## What needs to be done
Repeat the data in full and exactly. Leave the pictures out.

## Records provided
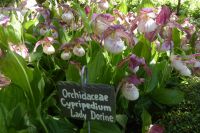 Tag 4 31.05.2022 Étretat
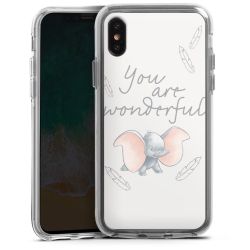 Bumper Case transparent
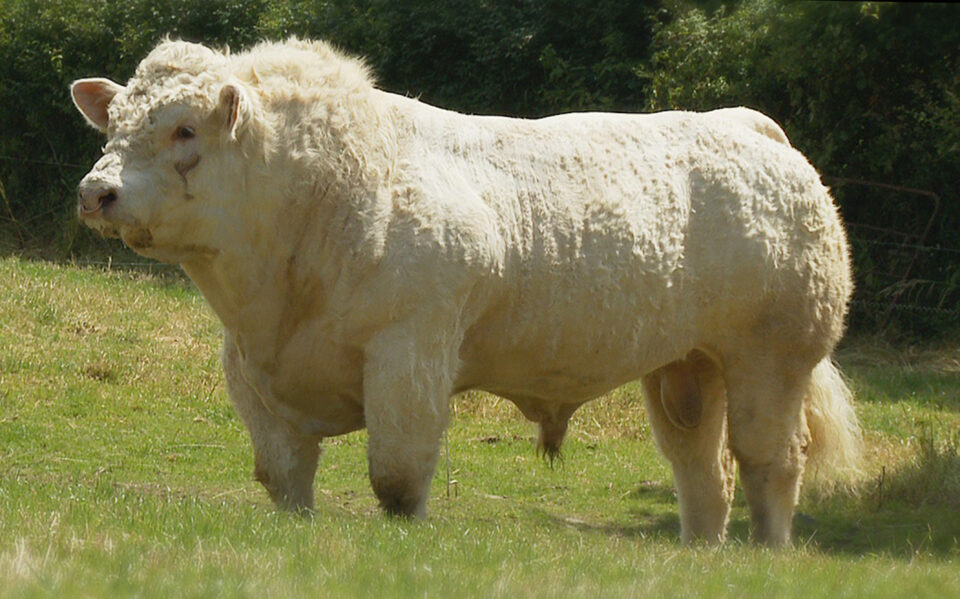 Inverlochy Gurkha GKA_1 Inverlochy Gurkha GKA_1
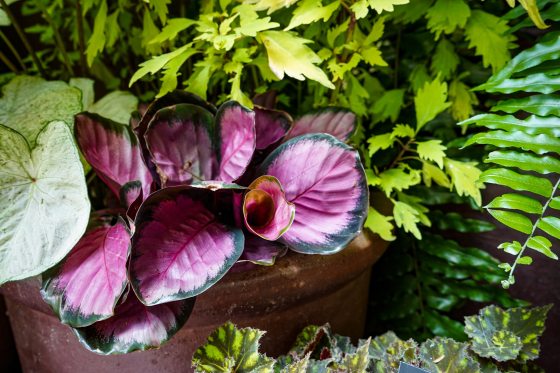 A purple and black plant set inside a terra cotta container. 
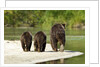 Brown Bear and Cubs, Katmai National Park, Alaska by Anonymous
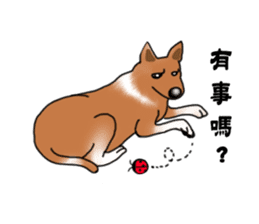 Taiwan Mix Dog-Toffee sticker #4919790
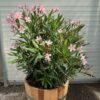 Half portvat 55 liter beplant met roze Oleander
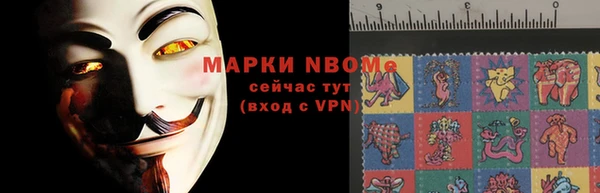 индика Бородино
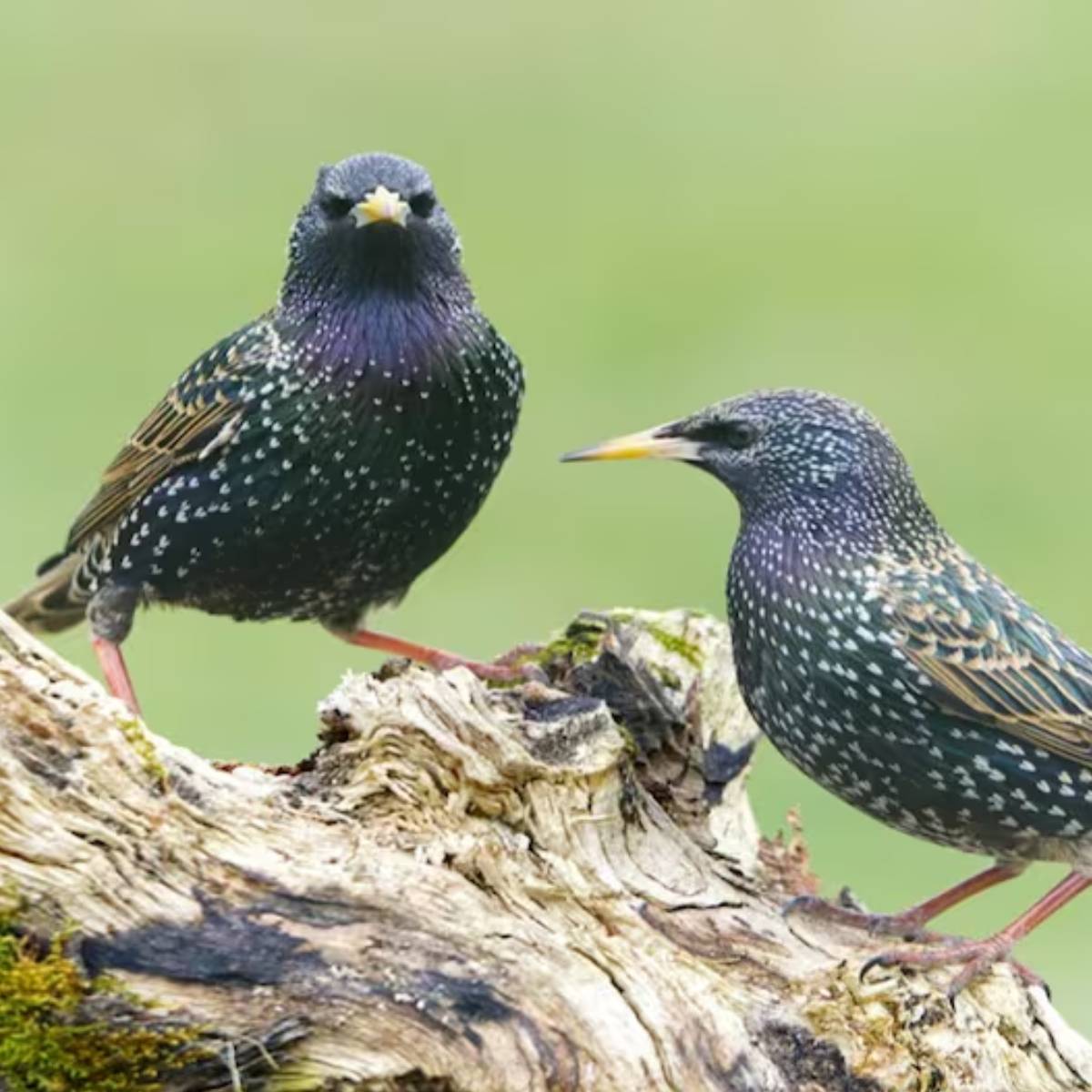 পাখি ছাড়া এই দুনিয়া অসম্পূর্ণ। ভোর হওয়ার সঙ্গে সঙ্গে যেমন আমরা পাখির ডাক শুনতে পাই, আবার দিনের শেষেও তাই। পাখি আমাদের সকলের কাছেই প্রিয়। পাখি ছাড়া এই দুনিয়া অসম্পূর্ণ। ভোর হওয়ার সঙ্গে সঙ্গে যেমন আমরা পাখির ডাক শুনতে পাই, আবার দিনের শেষেও তাই। পাখি আমাদের সকলের কাছেই প্রিয়।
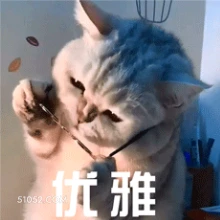 优雅 猫猫 优雅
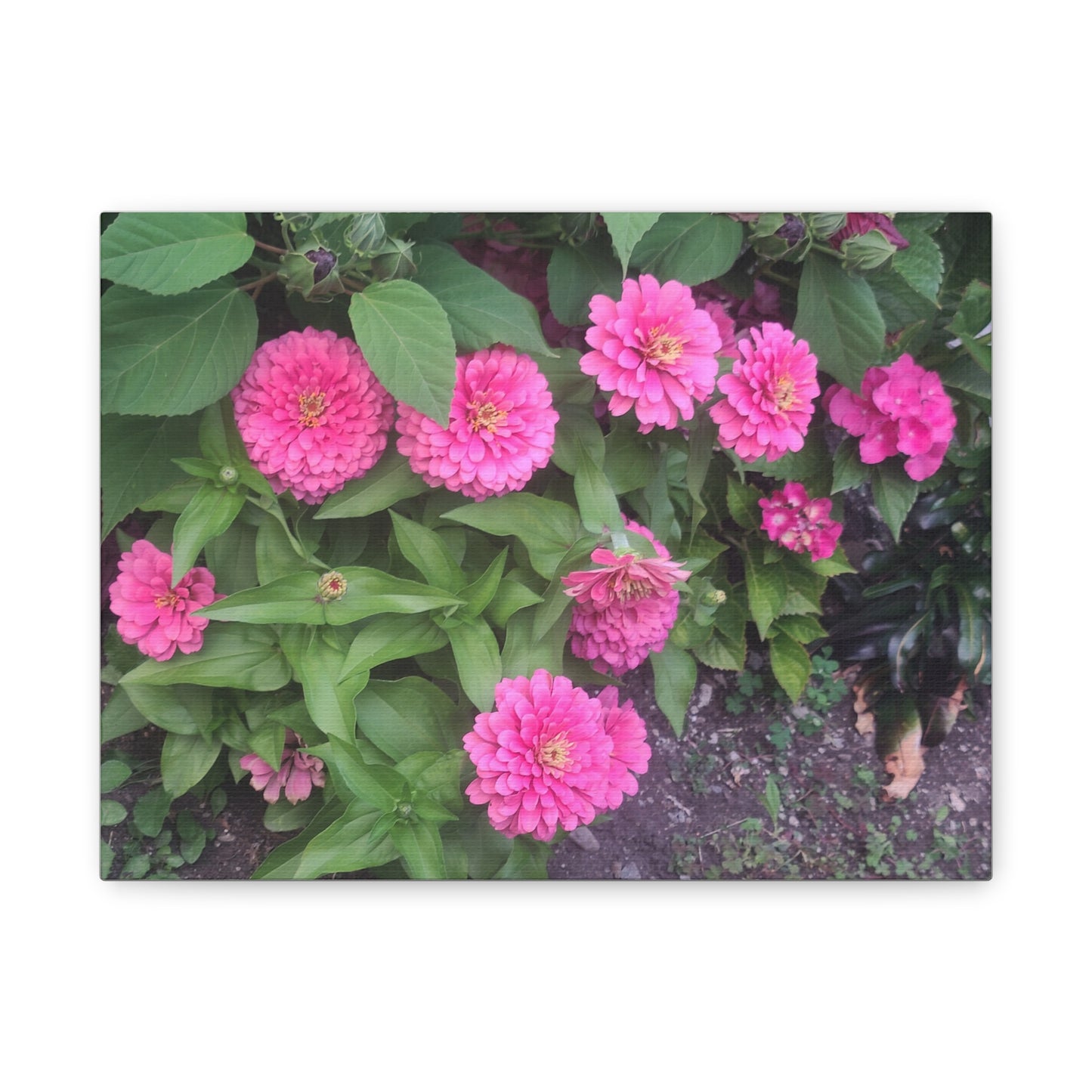 Pink Zinnia Wall Art Canvas – Matte Stretched Floral Print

## Response area
 Tag 4 31.05.2022 Étretat
 Bumper Case transparent
 Inverlochy Gurkha GKA_1 Inverlochy Gurkha GKA_1
 A purple and black plant set inside a terra cotta container. 
 Brown Bear and Cubs, Katmai National Park, Alaska by Anonymous
 Taiwan Mix Dog-Toffee sticker #4919790
 Half portvat 55 liter beplant met roze Oleander
 индика Бородино
 পাখি ছাড়া এই দুনিয়া অসম্পূর্ণ। ভোর হওয়ার সঙ্গে সঙ্গে যেমন আমরা পাখির ডাক শুনতে পাই, আবার দিনের শেষেও তাই। পাখি আমাদের সকলের কাছেই প্রিয়। পাখি ছাড়া এই দুনিয়া অসম্পূর্ণ। ভোর হওয়ার সঙ্গে সঙ্গে যেমন আমরা পাখির ডাক শুনতে পাই, আবার দিনের শেষেও তাই। পাখি আমাদের সকলের কাছেই প্রিয়।
 优雅 猫猫 优雅
 Pink Zinnia Wall Art Canvas – Matte Stretched Floral Print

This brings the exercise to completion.